_PROVIDED RECORDS_.
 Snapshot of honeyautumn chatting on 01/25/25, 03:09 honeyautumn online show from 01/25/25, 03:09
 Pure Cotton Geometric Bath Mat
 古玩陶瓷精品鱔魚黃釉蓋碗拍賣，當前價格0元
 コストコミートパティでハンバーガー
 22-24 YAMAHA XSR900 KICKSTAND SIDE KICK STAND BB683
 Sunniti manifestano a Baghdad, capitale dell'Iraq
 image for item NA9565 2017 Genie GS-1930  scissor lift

_ACTION ITEM_.
Every entry needs to be copied exactly as it was written.

_OUTPUT_.
 Snapshot of honeyautumn chatting on 01/25/25, 03:09 honeyautumn online show from 01/25/25, 03:09
 Pure Cotton Geometric Bath Mat
 古玩陶瓷精品鱔魚黃釉蓋碗拍賣，當前價格0元
 コストコミートパティでハンバーガー
 22-24 YAMAHA XSR900 KICKSTAND SIDE KICK STAND BB683
 Sunniti manifestano a Baghdad, capitale dell'Iraq
 image for item NA9565 2017 Genie GS-1930  scissor lift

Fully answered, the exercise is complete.